Population attributable fraction and its relation to time and expected glomerular filtration rate
Yoojin Lee, Sung Kweon Cho
Ajou University, College Of Medicine, Suwon-Si
Potential risk factors for hyperuricemia have been known as body mass index (BMI), hypertension, type 2 diabetes, metabolic syndrome, and kidney function. Gender and body mass index are potential moderators. However, little research investigates how much these risk factors attribute to hyperuricemia. Using the longitudinal nhanes cohort from 1998 to 2018, we investigated those risk factors' population attributable fraction (PAF).

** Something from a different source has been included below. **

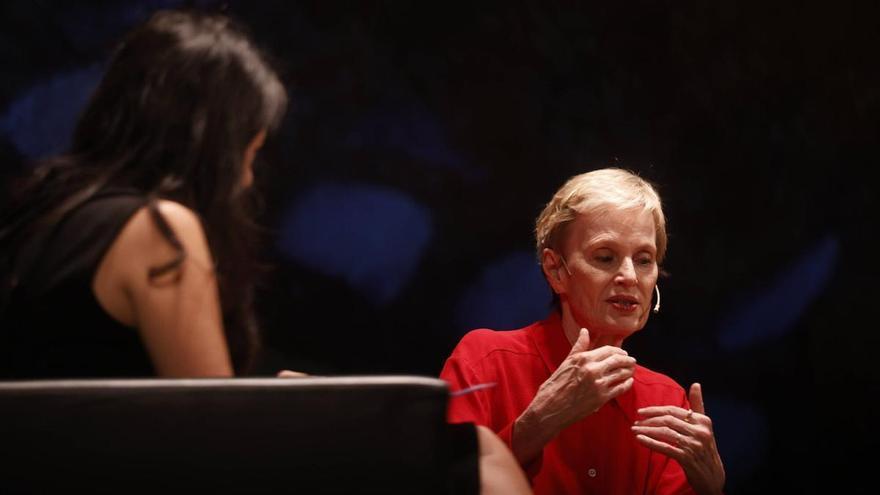 Siri Hustvedt inaugura Cosmopoética: "La literatura es la magia de poder leer más allá de lo obvio"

First, we examined the difference in the hyperuricemia prevalence from the first to the last collection cycle by ethnicity. Incidence of hyperuricemia increases in african american and hispanic populations (16.29% to 19.81%, 11.90% to 14.96%, respectively), not in caucasian and the other ethnic groups. We then estimated PAF using the punaf package in stata, whether the estimated PAF was predicted by time or degrees of kidney function (expected glomerular filtration rate (EGFR)) using a simple linear regression model. BMI, hypertension, diabetes, smoking, metabolic syndrome are the factors associated with PAF of hyperuricemia over time, whereas EGFR and gender are not. We also found that PAF of BMI and smoking decreased in the other ethnic group. BMI, hypertension, diabetes, smoking, and metabolic syndrome are associated with PAF of hyperuricemia throughout the EGFR level, whereas gender is not. Ethnic-specific findings were also observed in the EGFR model (hypertension for caucasian, diabetes for hispanic and caucasian groups).
Our results showed the unique trend of PAF of hyperuricemia and increase of hyperuricemia prevalence. Ethnic-specific risk factors for hyperuricemia needs to be investigated further. We will apply this approach in korean cohorts - knhanes and koges.